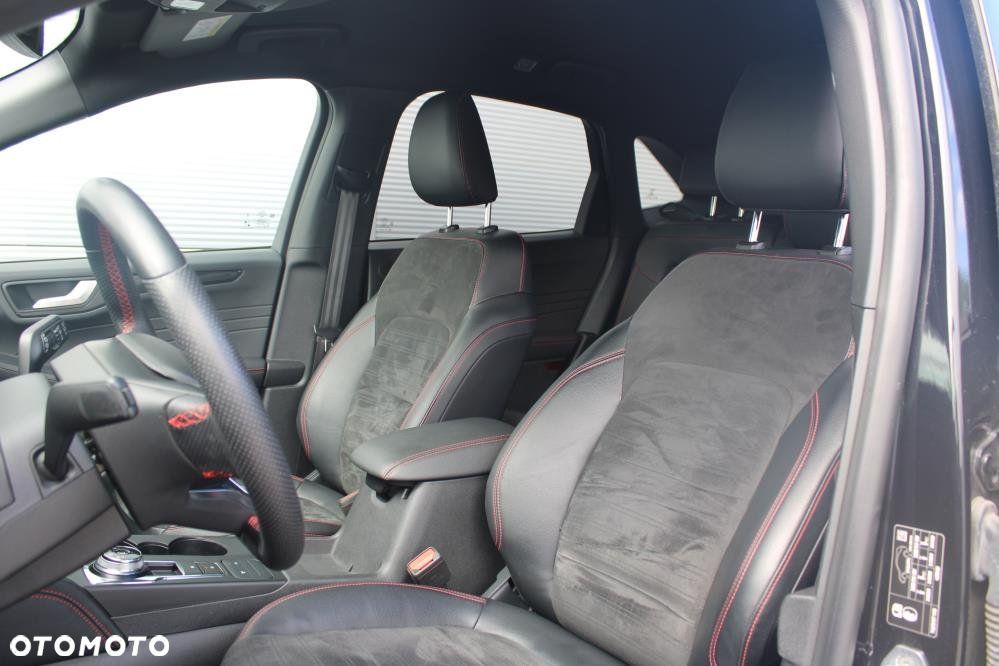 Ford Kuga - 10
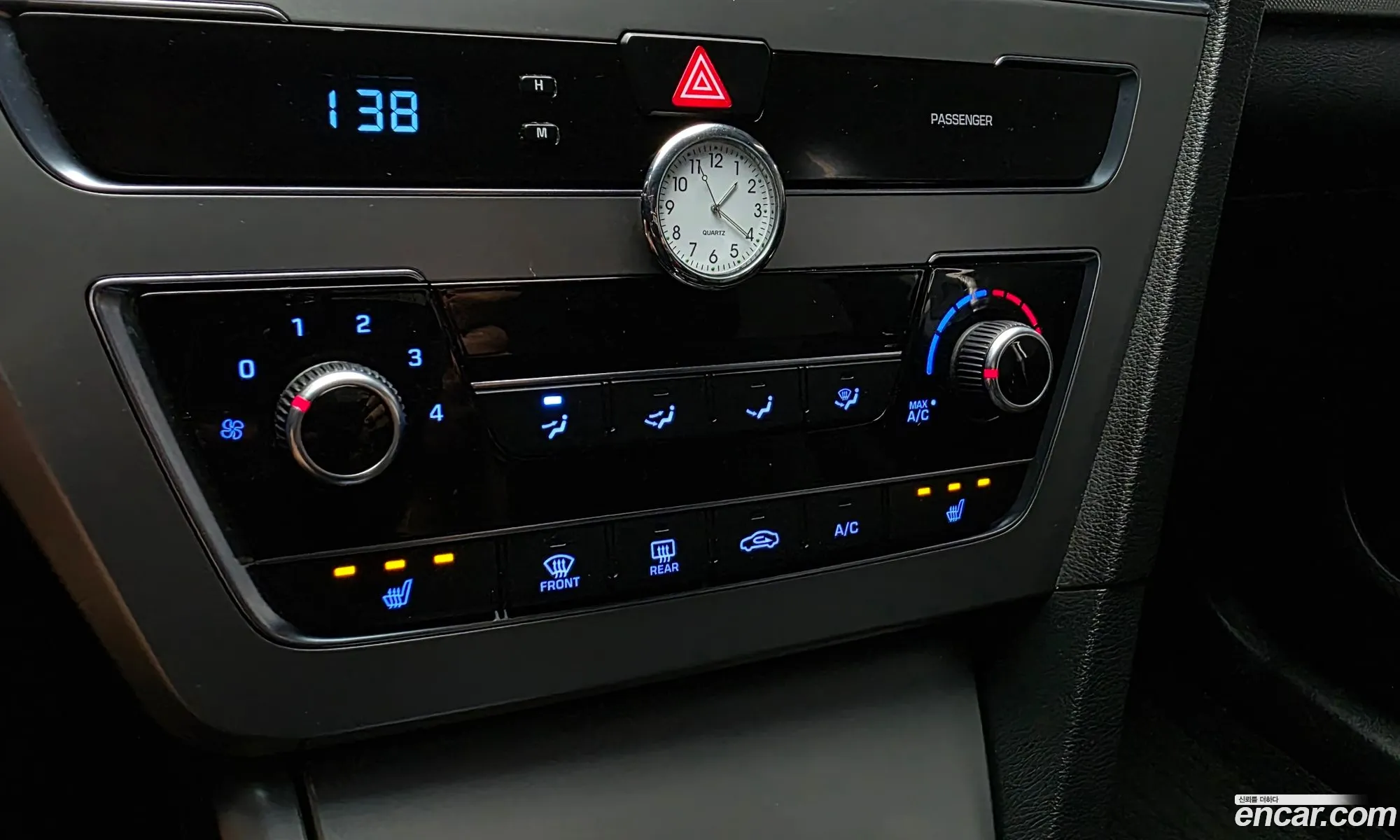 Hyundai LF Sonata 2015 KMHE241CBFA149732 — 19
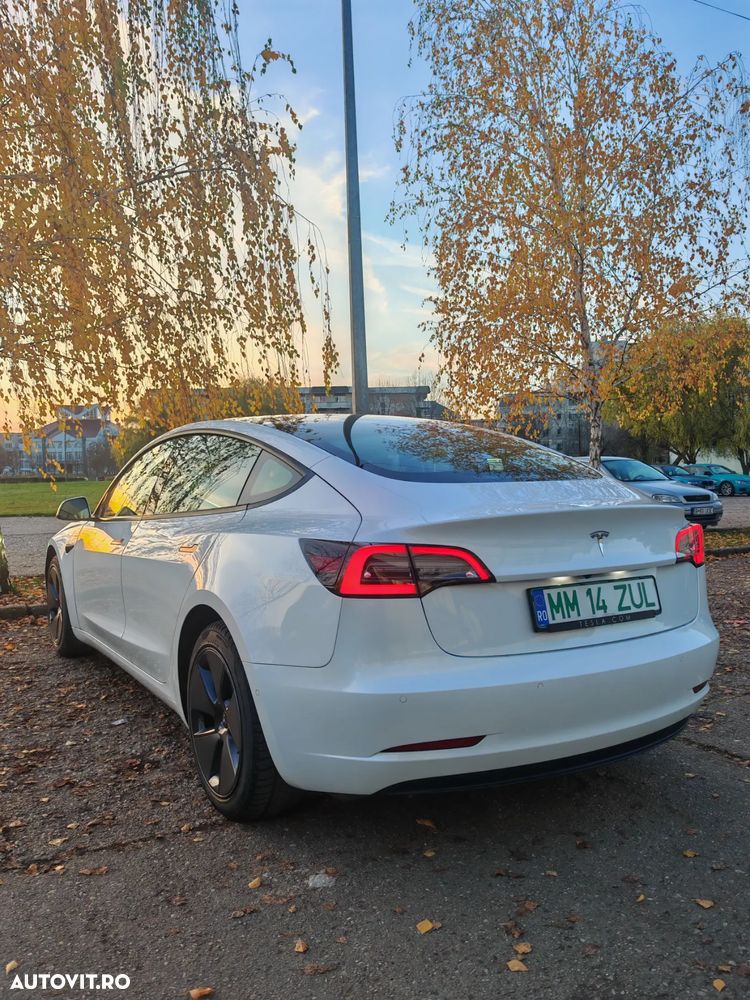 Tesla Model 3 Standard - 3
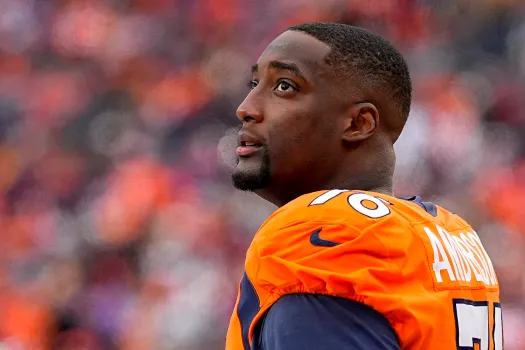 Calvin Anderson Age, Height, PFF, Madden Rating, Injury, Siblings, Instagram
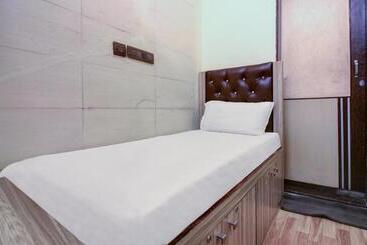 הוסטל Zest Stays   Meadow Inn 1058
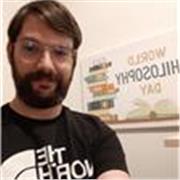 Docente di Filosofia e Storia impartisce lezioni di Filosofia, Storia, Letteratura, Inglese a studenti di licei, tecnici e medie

...

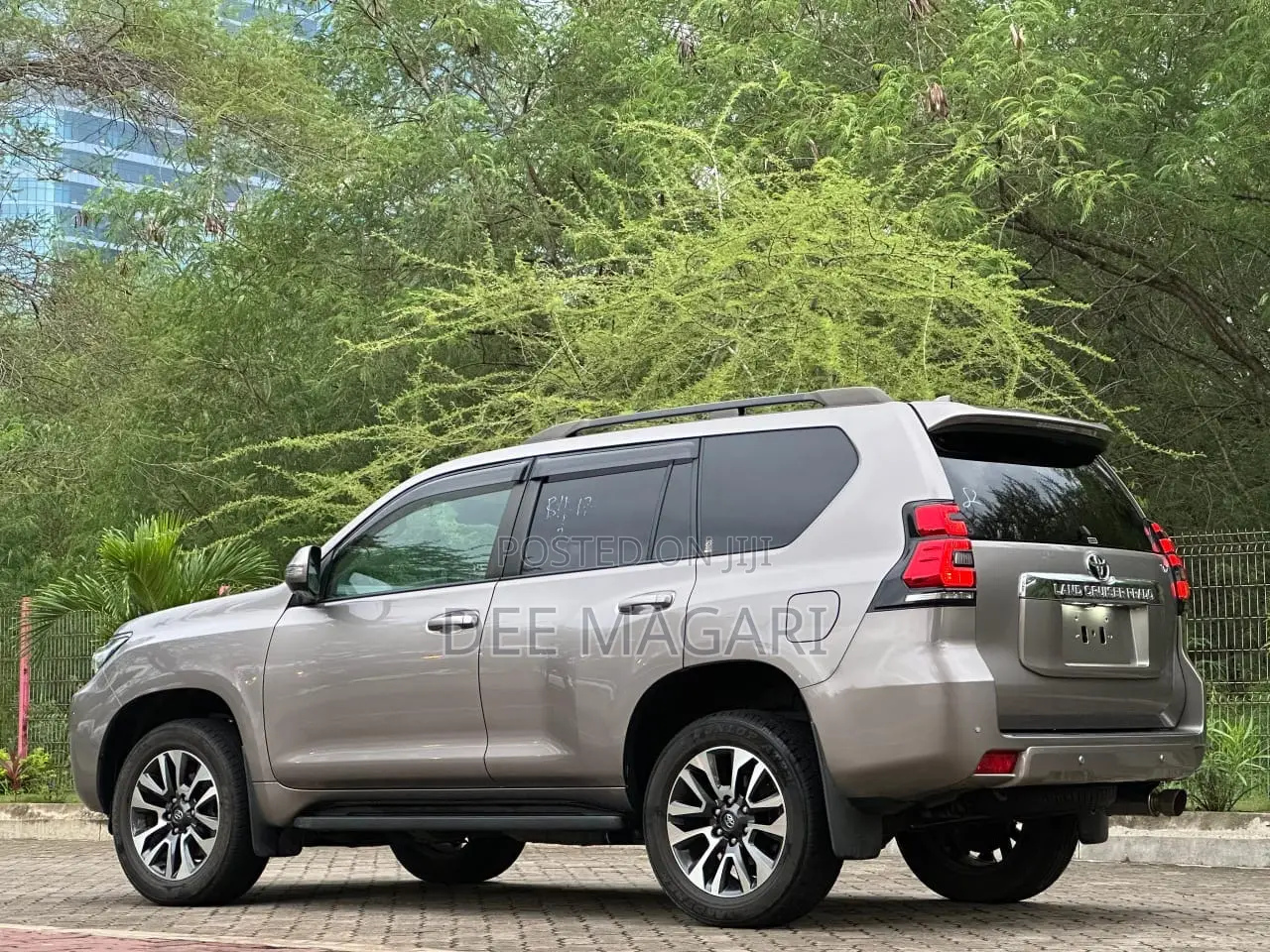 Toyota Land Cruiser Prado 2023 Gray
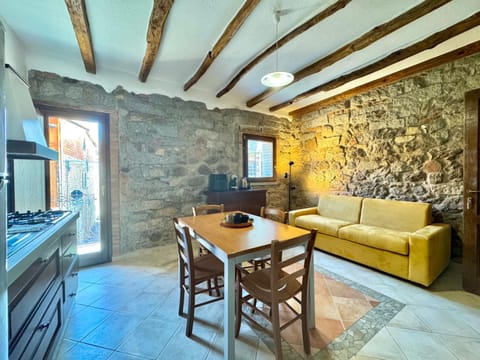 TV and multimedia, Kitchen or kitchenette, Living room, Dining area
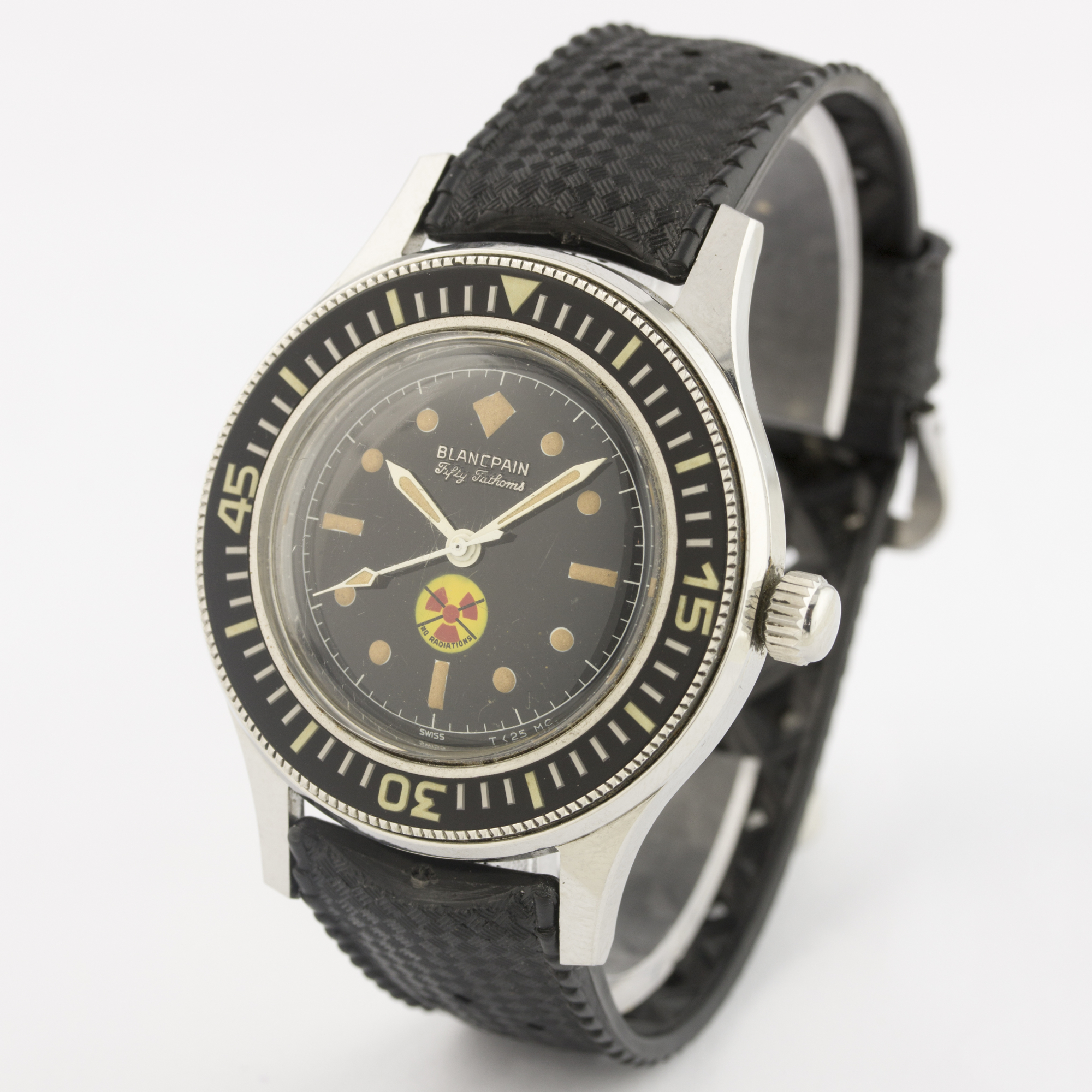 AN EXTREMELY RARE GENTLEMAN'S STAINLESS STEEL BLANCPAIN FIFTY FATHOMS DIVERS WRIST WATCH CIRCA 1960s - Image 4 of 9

==

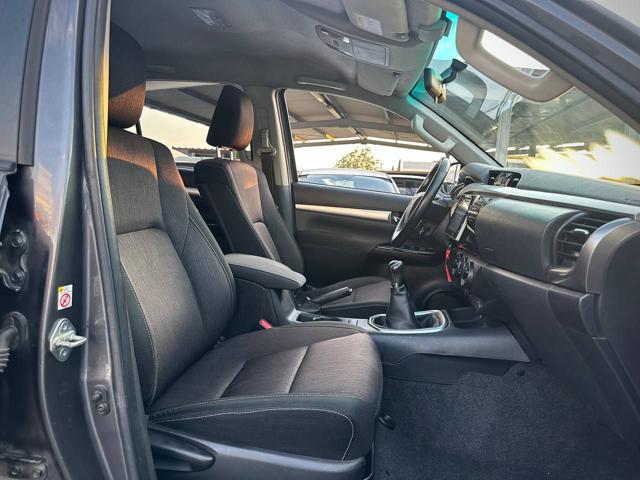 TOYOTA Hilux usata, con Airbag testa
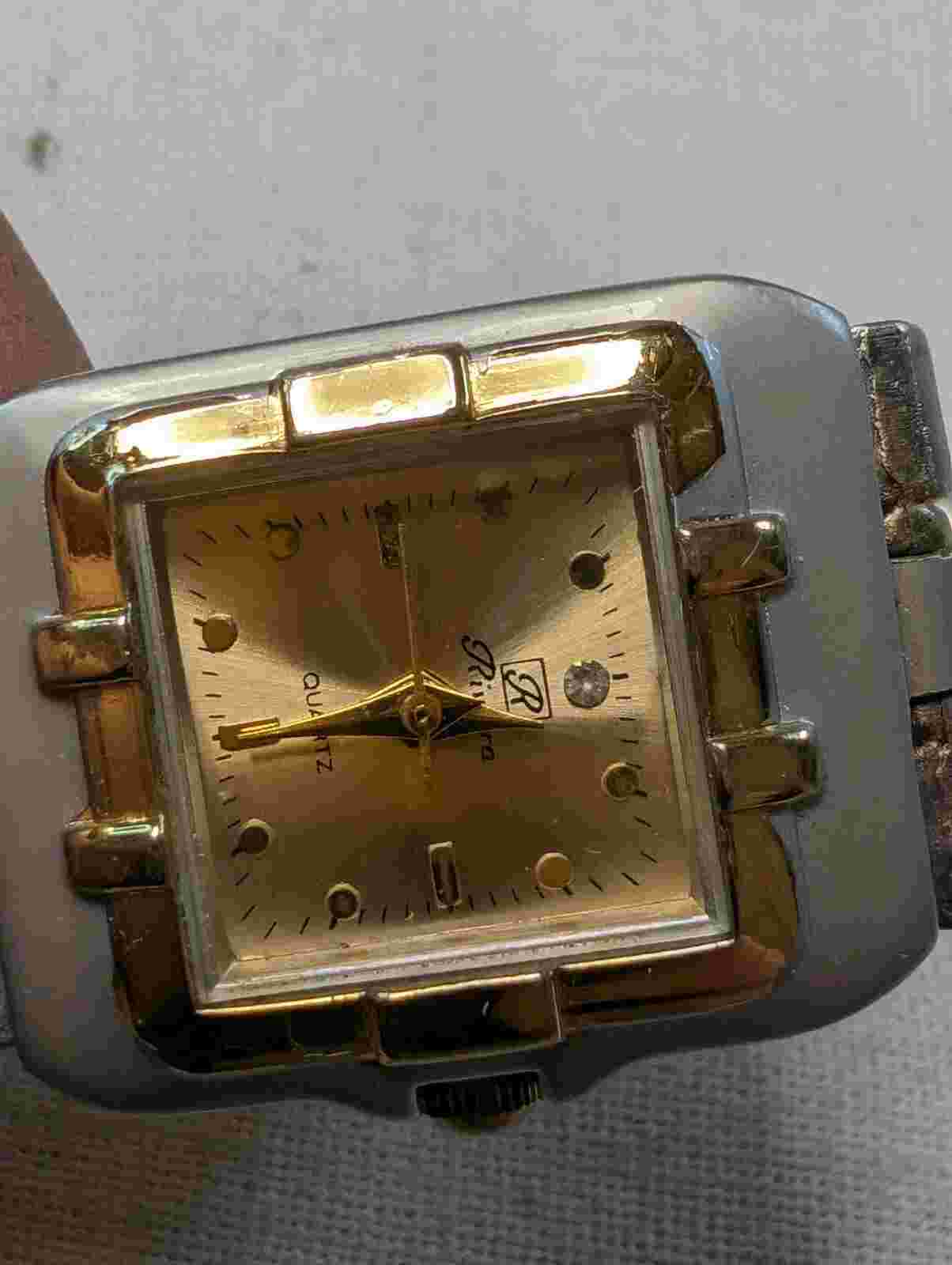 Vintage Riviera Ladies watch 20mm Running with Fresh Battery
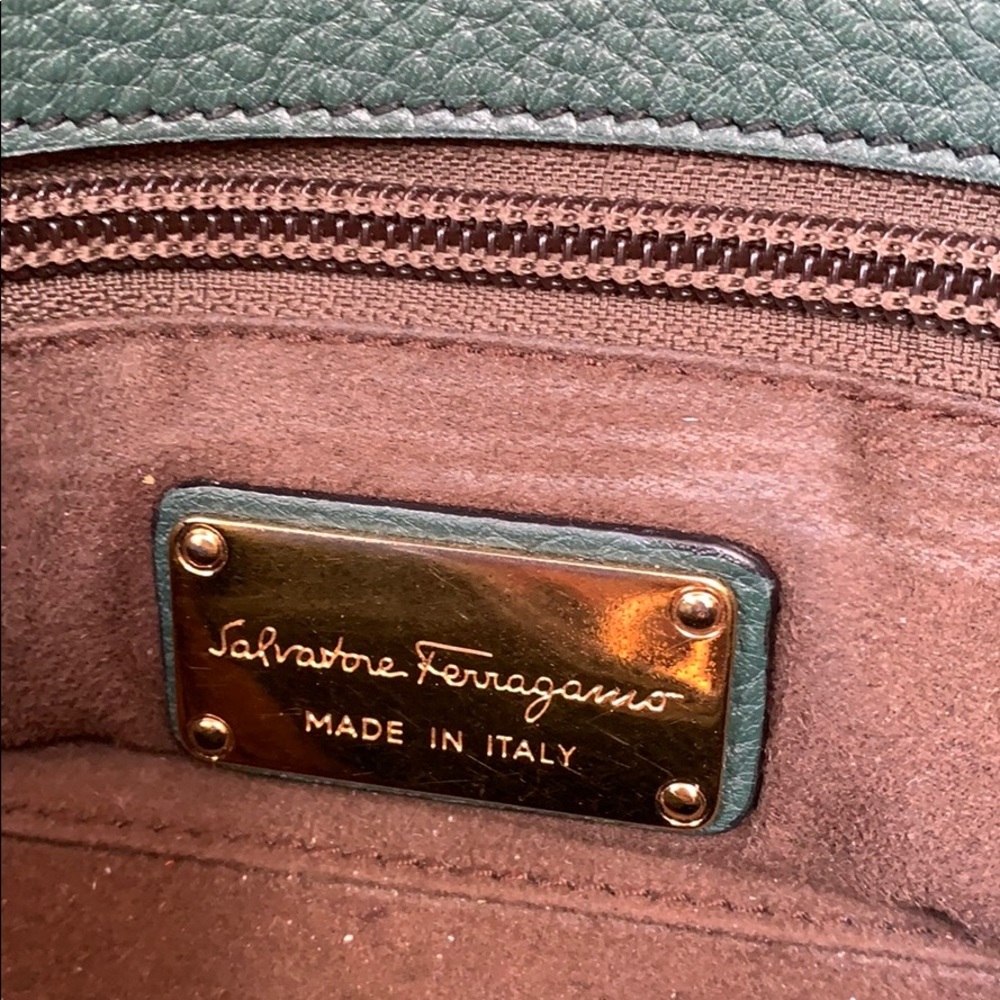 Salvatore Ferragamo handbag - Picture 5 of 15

• The task
In the listing above, the required lines run from the line with "הוסטל Zest Stays" through the line with "Docente di Filosofia". Output exactly those lines, omitting pictures.

• Exercise answer
 הוסטל Zest Stays   Meadow Inn 1058
 Docente di Filosofia e Storia impartisce lezioni di Filosofia, Storia, Letteratura, Inglese a studenti di licei, tecnici e medie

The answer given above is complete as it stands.